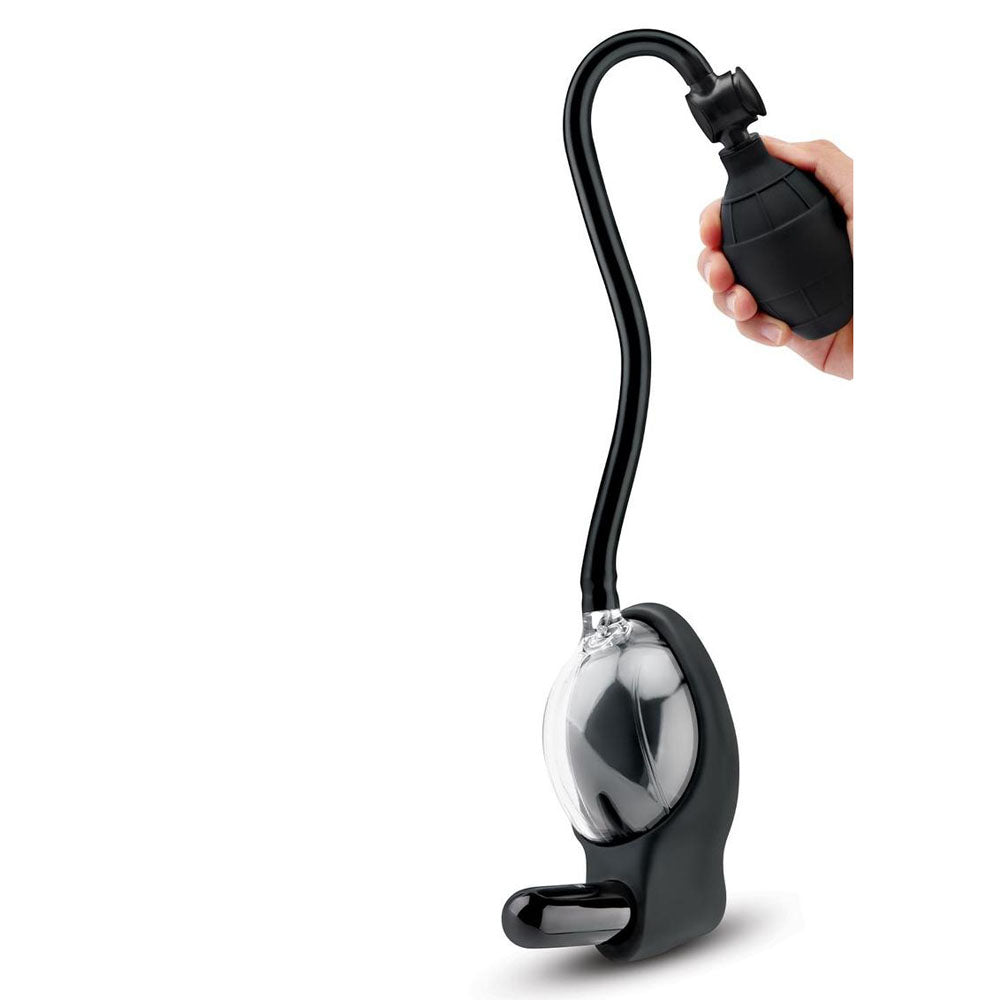 Size Up Vibrating Mini Pussy & Clitoral Pump - Clear USB Rechargeable Vibrating Vaginal and Clitoral Pump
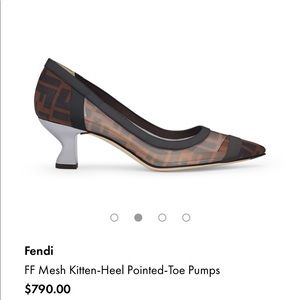 Authentic Fendi Mesh Heels
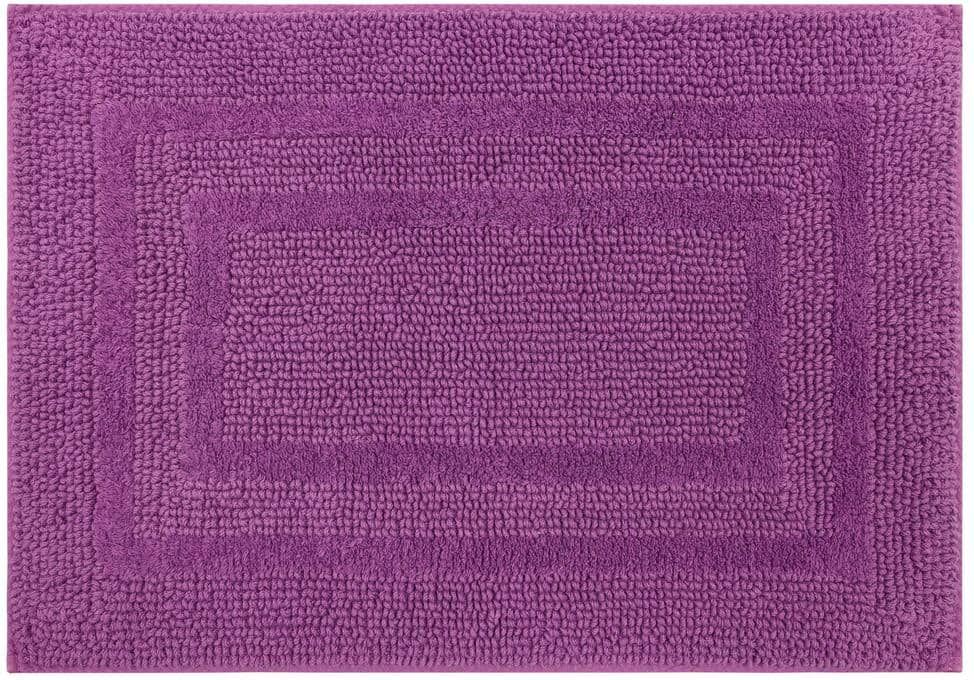 Mohawk Home Cotton Reversible Fiesta Magenta 21 in. x 34 in. Purple Cotton Machine Washable Bath Mat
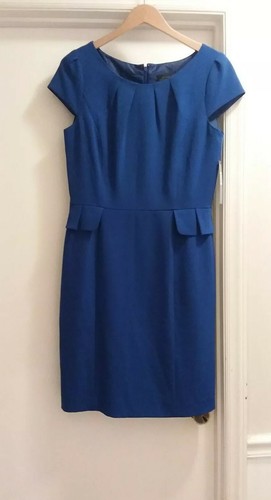 Beautiful NWT $128 Size 10 ASL Tahari Annette Sheath Career Dress Royal Blue - Picture 8 of 9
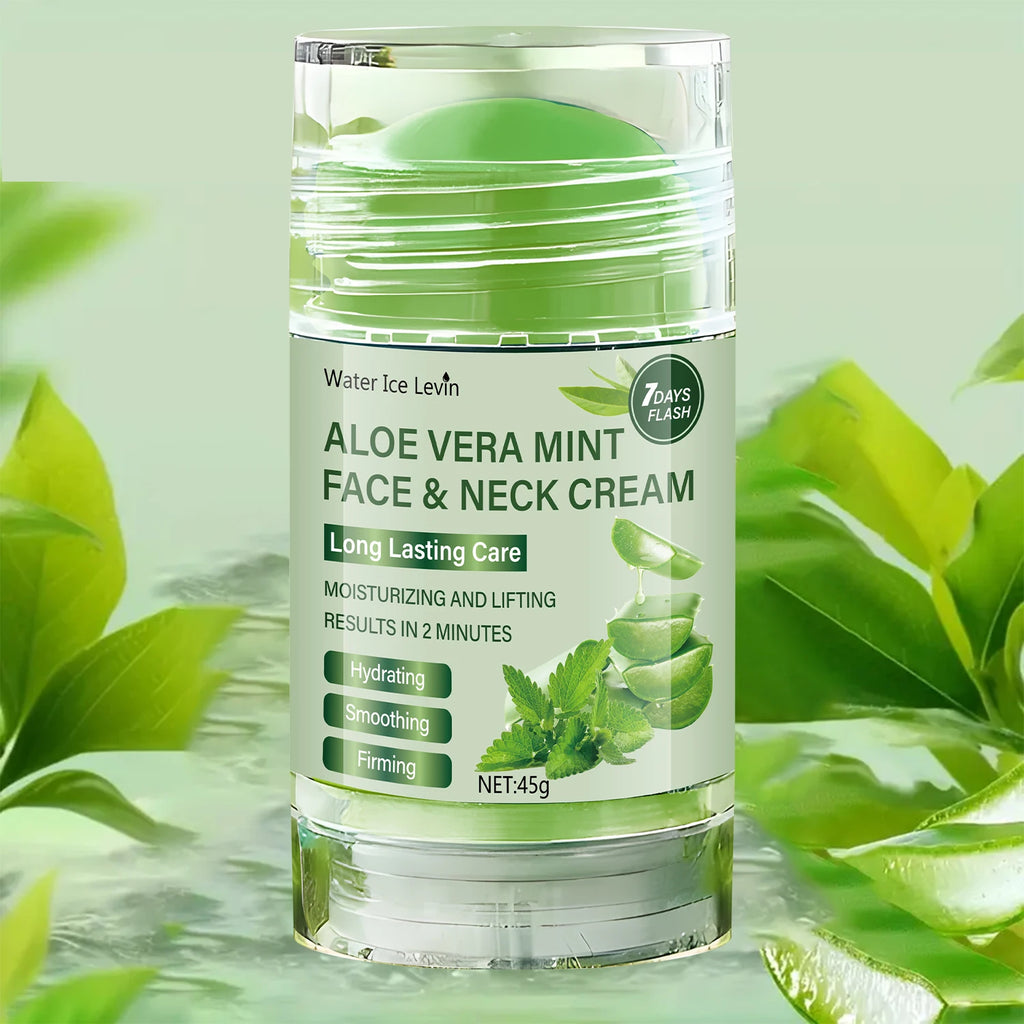 45g Aloe Vera Facial Firming Cream, Natural Aloe Vera Essence, Gentle and Skin-Friendly, Effectively Reduces Fine Lines, Tightens Skin, and Moisturizes Skin Qme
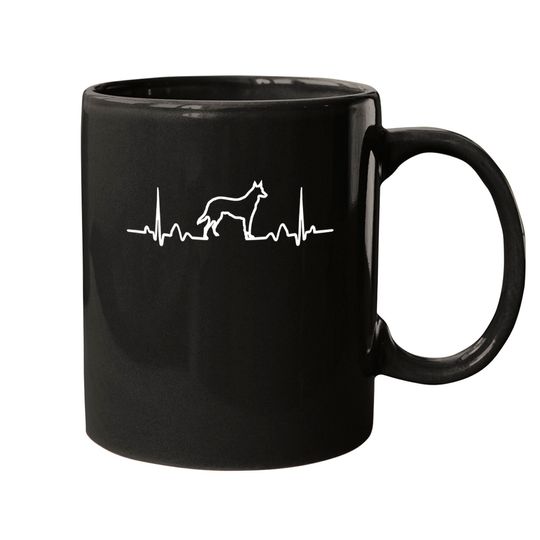 Discover Funny Dog Heartbeat Coffee Mug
++++++++++
*EXERCISE BRIEF:* Pictures aside, write out all of the records exactly.

*ANSWER FOR THIS EXERCISE:*
 Size Up Vibrating Mini Pussy & Clitoral Pump - Clear USB Rechargeable Vibrating Vaginal and Clitoral Pump
 Authentic Fendi Mesh Heels
 Mohawk Home Cotton Reversible Fiesta Magenta 21 in. x 34 in. Purple Cotton Machine Washable Bath Mat
 Beautiful NWT $128 Size 10 ASL Tahari Annette Sheath Career Dress Royal Blue - Picture 8 of 9
 45g Aloe Vera Facial Firming Cream, Natural Aloe Vera Essence, Gentle and Skin-Friendly, Effectively Reduces Fine Lines, Tightens Skin, and Moisturizes Skin Qme
 Discover Funny Dog Heartbeat Coffee Mug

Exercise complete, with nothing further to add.